Ce bail a été consenti et accepté moyennant un loyer annuel de 62 400 francs, payable chaque mois à terme échu.
Ce bail a été renouvelé selon un avenant du 26 juin 2007 ayant pris effet au 1er octobre 2006 pour une nouvelle durée de neuf ans qui s’est donc terminée le 30 septembre 2015. D’un commun accord, le loyer annuel était fixé à la somme de 10 122,96 €.
Depuis le 1er octobre 2015, le bail s’est prolongé tacitement en application de l’article L. 145-9 du Code de commerce. Ainsi, le loyer est déplafonné et doit être fixé à la valeur locative.
Selon une expertise judiciaire en date du 24 février 2010, le local disposerait d’une surface pondérée de 97 m² et sa valeur locative s’établirait a minima à 310 € par m² compte tenu de l’emplacement et des prix pratiqués dans le voisinage soit 30 000 € par an à compter du 1er octobre 2015.
Par exploit d’huissier en date du 03 mars 2022, la S.C.I. SAINTE MARIE a fait signifier une requête aux fins de fixation d’une date d’audience devant le Juge des loyers commerciaux aux fins de fixation du loyer de renouvellement à la somme de 30 000 € par an à compter du 30 octobre 2021 avec intérêts à compter de la demande en Justice et application de l’article 1154 du Code civil et à titre subsidiaire, a sollicité une expertise.
Selon jugement du 14 octobre 2022, le Juge des loyers commerciaux a fixé le loyer provisoire au montant du loyer en cours et ordonné une expertise judiciaire.
Le rapport d’expertise a été reçu au greffe le 29 juin 2023.
Selon mémoire n°2 enregistré au greffe le 17 mai 2024, la S.C.I. SAINTE MARIE sollicite :
— La fixation du loyer de renouvellement à la somme de 25 710 € à compter du 1er octobre 2021 avec intérêts au taux légal à compter de chaque échéance mensuelle et application des dispositions de l’article 1343-2 du Code civil ;
— La condamnation du CABINET BENEDIC au paiement de la somme de 3 000 € en application des dispositions de l’article 700 du Code de procédure civile, outre les dépens lesquels comprendront les frais d’expertise judiciaire.

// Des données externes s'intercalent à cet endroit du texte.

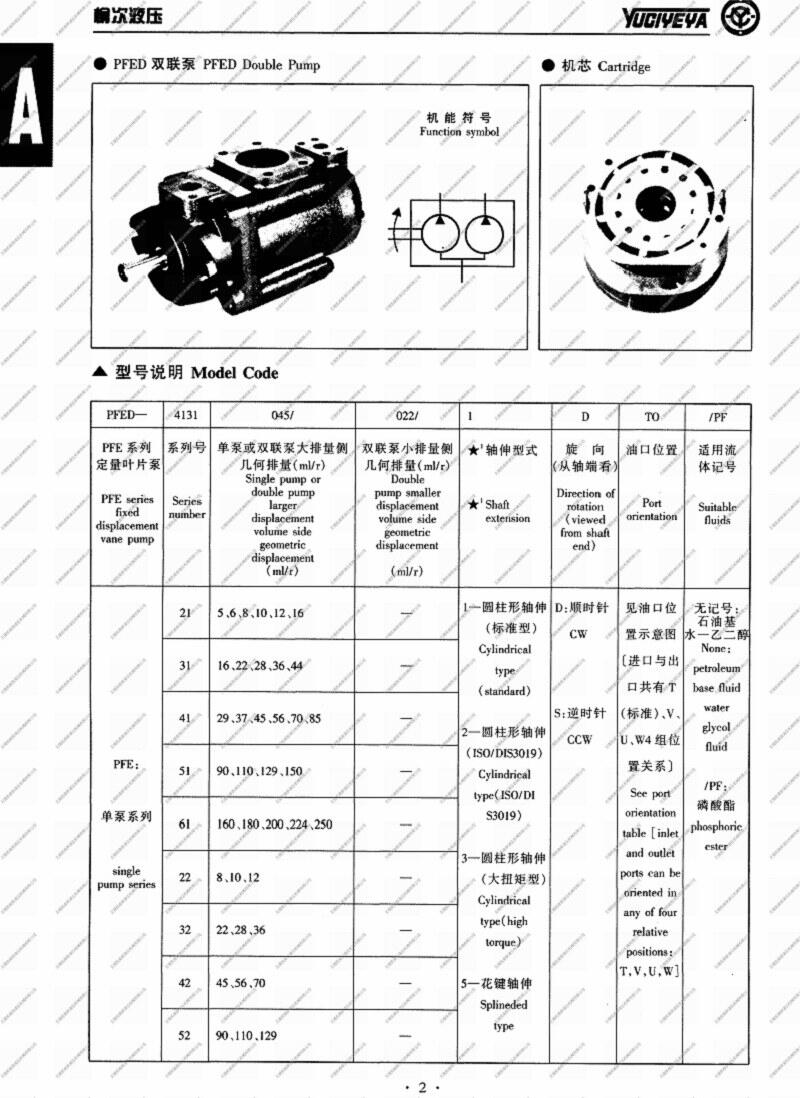 平頂山PFED-4131029/022,雙聯(lián)葉片泵現(xiàn)貨供應(yīng)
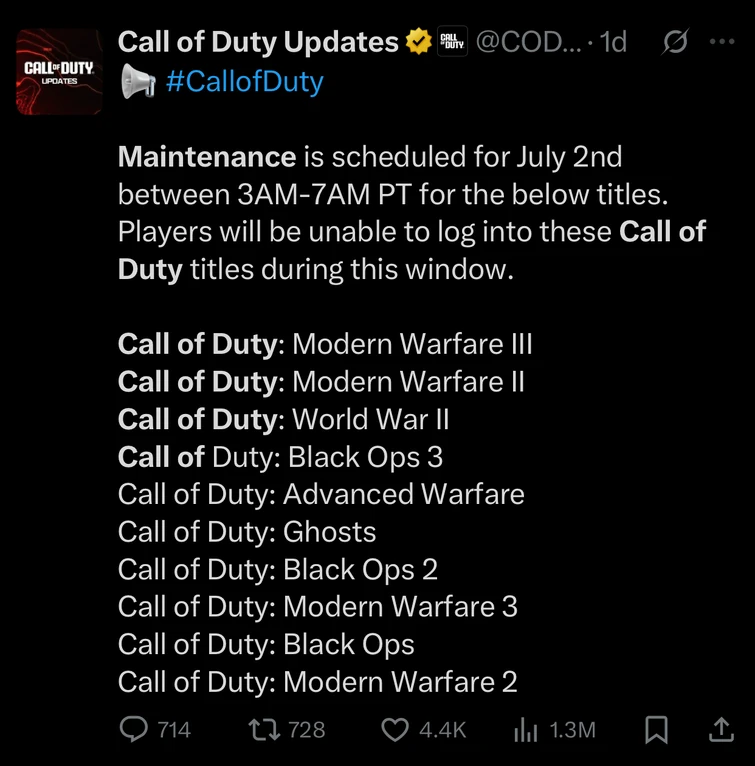 Discuss Everything About Call of Duty Wiki | Fandom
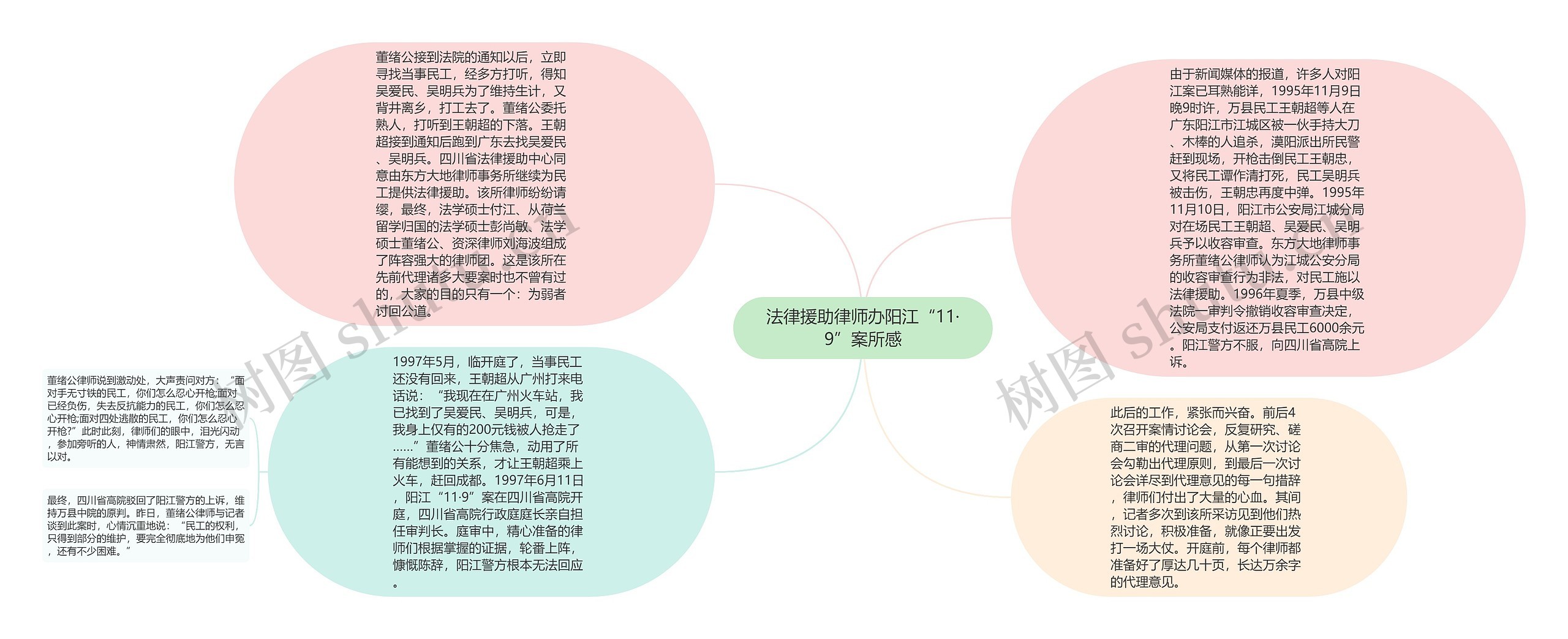 法律援助律师办阳江“11·9”案所感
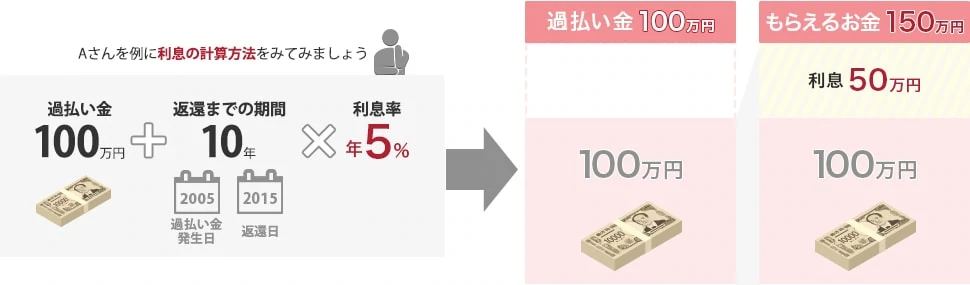 過払い金には年5％の利息をつけて返還してもらえる可能性があります。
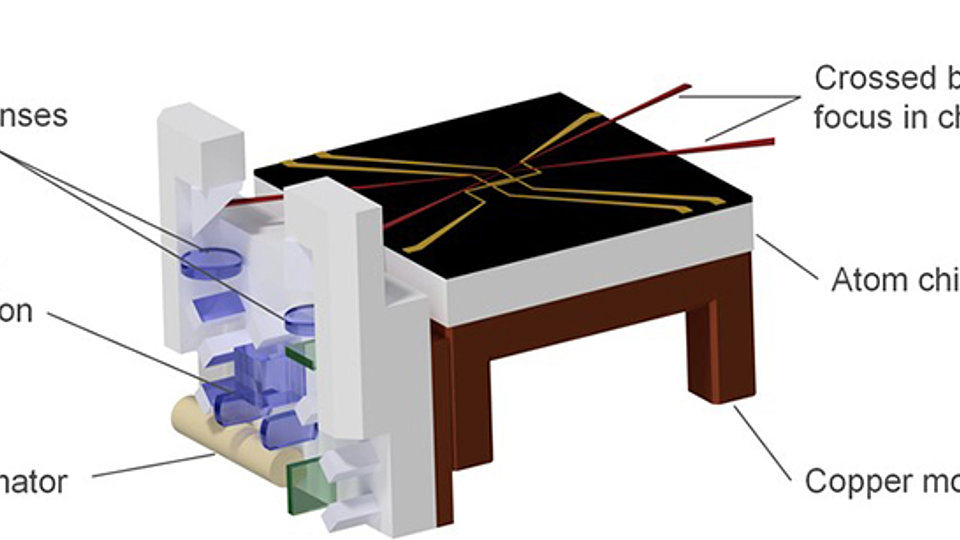 Miniaturized optical beam conditioning design mounted to the side of an exemplary atom-chip assembly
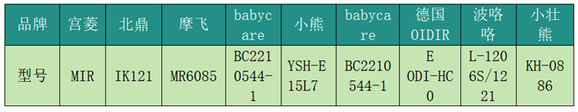 多款对比电热水壶测评：宫菱/小熊/摩飞/小壮熊/波咯咯分析-10.jpg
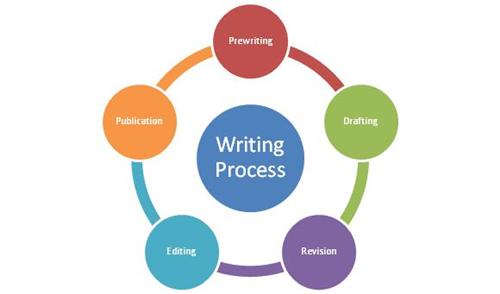 writing about a process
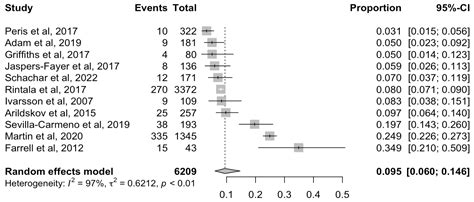 Prevalence and Correlates of the Concurrence of Autism Spectrum ...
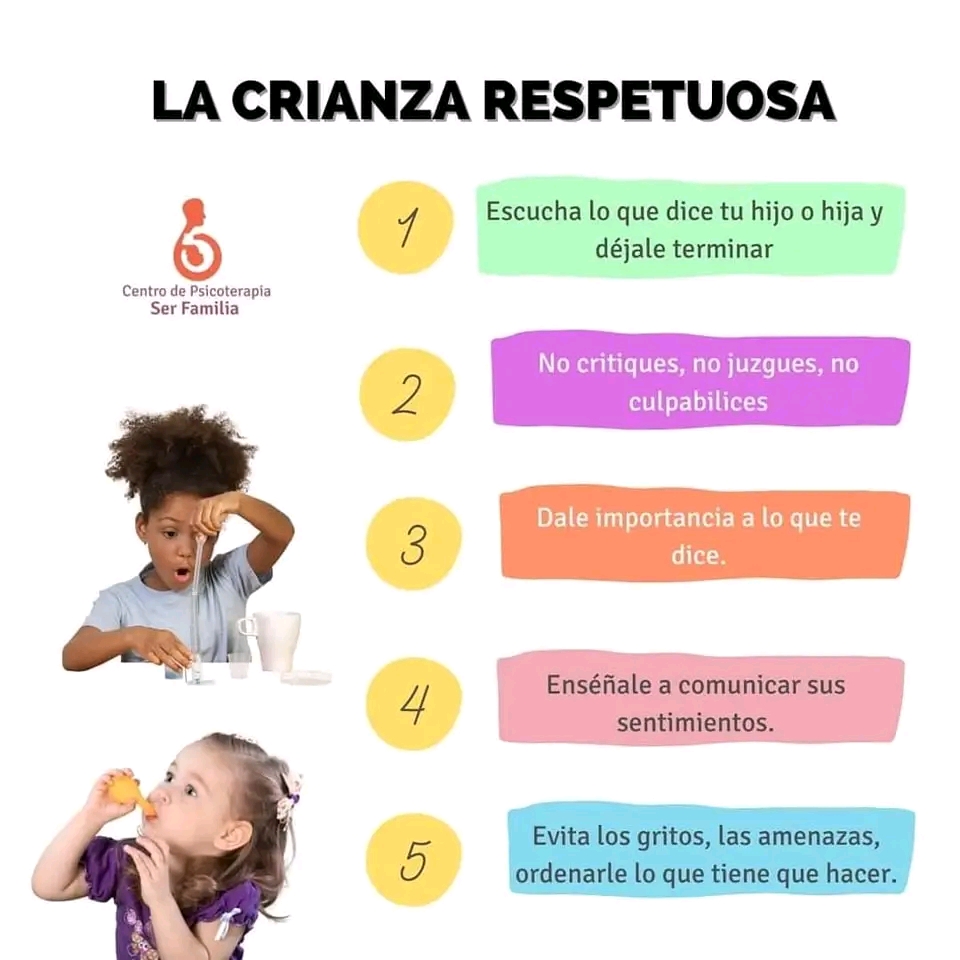 Crianza respetuosa.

Selon mémoire après expertise n°2, la S.A.S. CABINET BENEDIC conclut au débouté de l’intégralité des demandes de la société SAINTE MARIE et demande la fixation du loyer à la somme de 11 279,80 € HT et hors charges par an, à compter du 1er octobre 2021, date d’effet du renouvellement. Elle sollicite la condamnation de la S.C.I. SAINTE MARIE au paiement de la somme de 3 000 € en application des dispositions de l’article 700 du Code de procédure civile, outre les dépens. Elle demande enfin que l’exécution provisoire soit écartée.
MOTIVATION
Sur la demande en révision du montant du loyer à la valeur locative
Selon les dispositions de l’article L.145-10 du Code de commerce, à défaut de congé, le locataire qui veut obtenir le renouvellement de son bail doit en faire la demande soit dans les six mois qui précèdent l’expiration du bail, soit, le cas échéant, à tout moment au cours de sa prolongation.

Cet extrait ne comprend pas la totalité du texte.